The same can now be said about writing history under the new guidelines of the Texas Board of Education.
The changes to the state’s history textbooks were opposed by historians and civil rights leaders. The new curriculum presents history from a right-wing perspective and de-emphasizes the role of blacks, Hispanics and other minority groups.
The board’s decision will affect students living outside Texas because of the state’s major impact on the nation’s textbook publishers.
Because the Texas textbook market is so large, books assigned to the state’s 4.7 million students often become bestsellers, decreasing costs for other school districts and leading them to buy the same materials.
“The books that are altered to fit the standards become the bestselling books, and therefore within the next two years they’ll end up in other classrooms,” said Fritz Fischer, chairman of the National Council for History Education, a group devoted to history teaching at the pre-college level.
“It’s not a partisan issue, it’s a good history issue.”
The new version of history given Texas students will:
- Celebrate the free market;
- Minimize the role of labor movements; and
- Give greater prominence to conservative figures like Phyllis Schlafly.
Additional changes will include:
- Students will now study Confederate President Jefferson Davis’ inaugural address alongside President Abraham Lincoln’s Gettysburg Address.
- Upton Sinclair’s book The Jungle, which documented the horrors of working conditions in the meatpacking industry and led to calls for greater regulation, has been removed from the list of suggested readings.
- The Rev. Martin Luther King Jr.’s “Letter From a Birmingham Jail,” has also been removed.

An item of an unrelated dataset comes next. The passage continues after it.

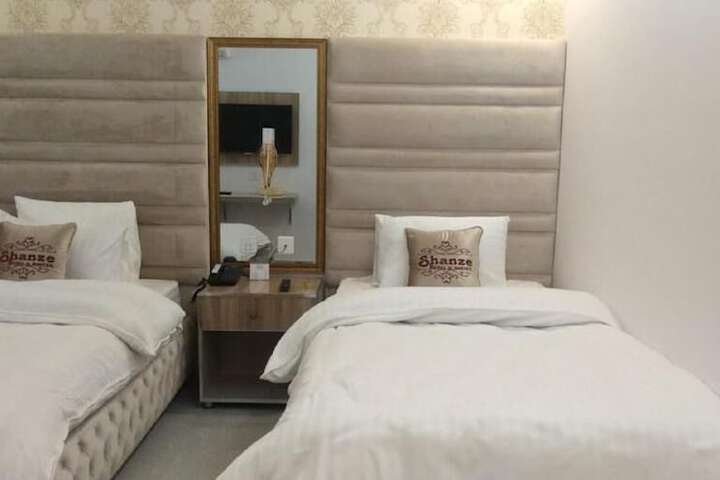 Room 10 of 27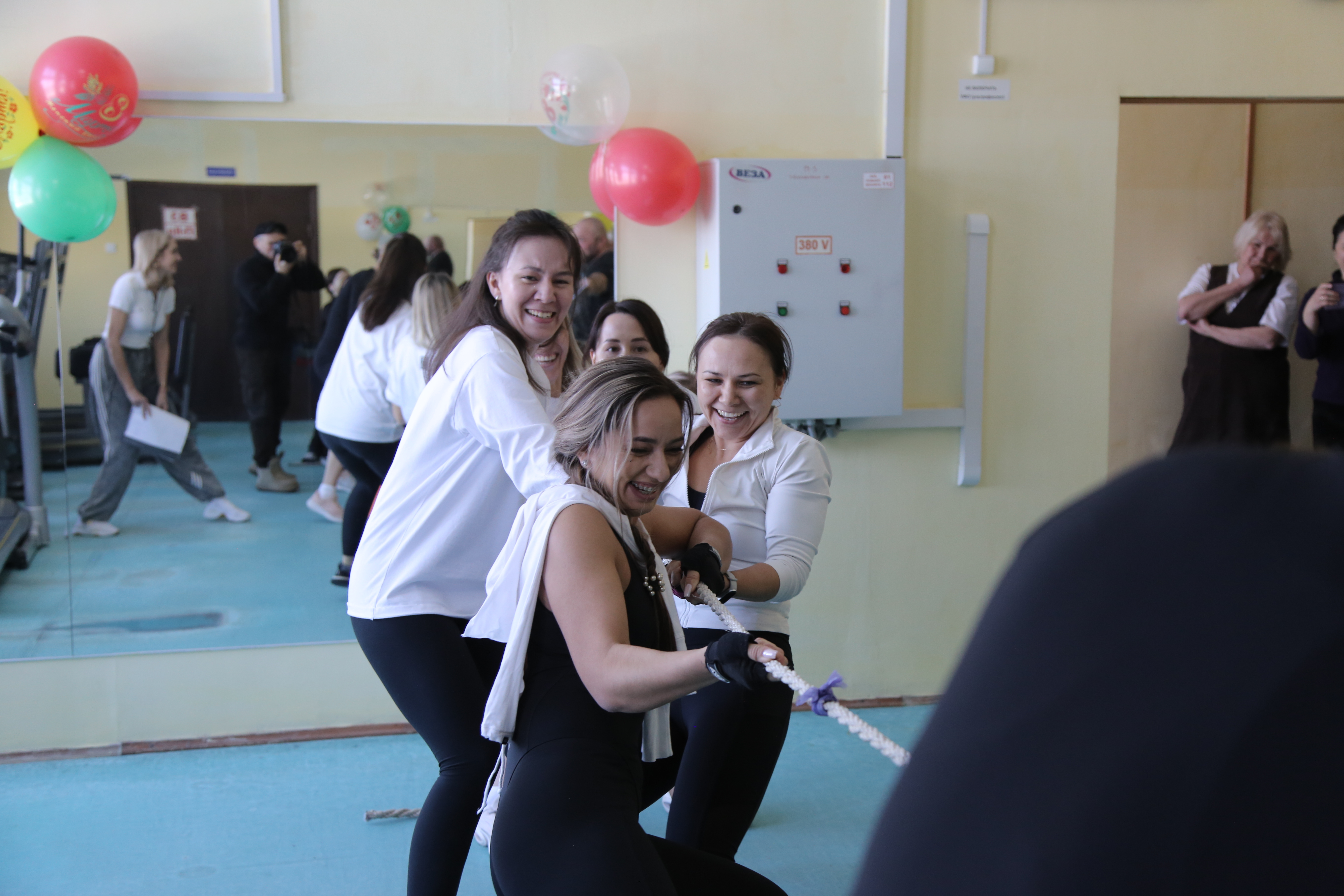 В Бирске девушки отметили 8 Марта силовой эстафетой «Леди-форсаж»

- Thomas Jefferson’s name has been removed from a list of the country’s great thinkers because he advocated the separation of church and state.
- In a sop to the Christian Right, references have been added to “laws of nature and nature’s God” to a section in U.S. history that requires students to explain major political ideas.
- The word “democratic” has been removed in references to the form of U.S. government, and this will now be described as a “constitutional republic.”
- A reference to the Second Amendment right to bear arms has been added to a section about citizenship in a U.S. government class.
- Economics students will be required to “analyze the decline of the U.S. dollar including abandonment of the gold standard.”
- The names or references to important Hispanics throughout history also were deleted, such as the fact that Tejanos died at the Alamo alongside Davy Crockett and Jim Bowie.
- All references to “capitalism” have been replaced with “free enterprise.”
- U.S. “imperialism” no longer exists; there is only “U.S. expansionism.” Only the Europeans are guilty of “imperialism,” just as only the Soviets committed “aggression.”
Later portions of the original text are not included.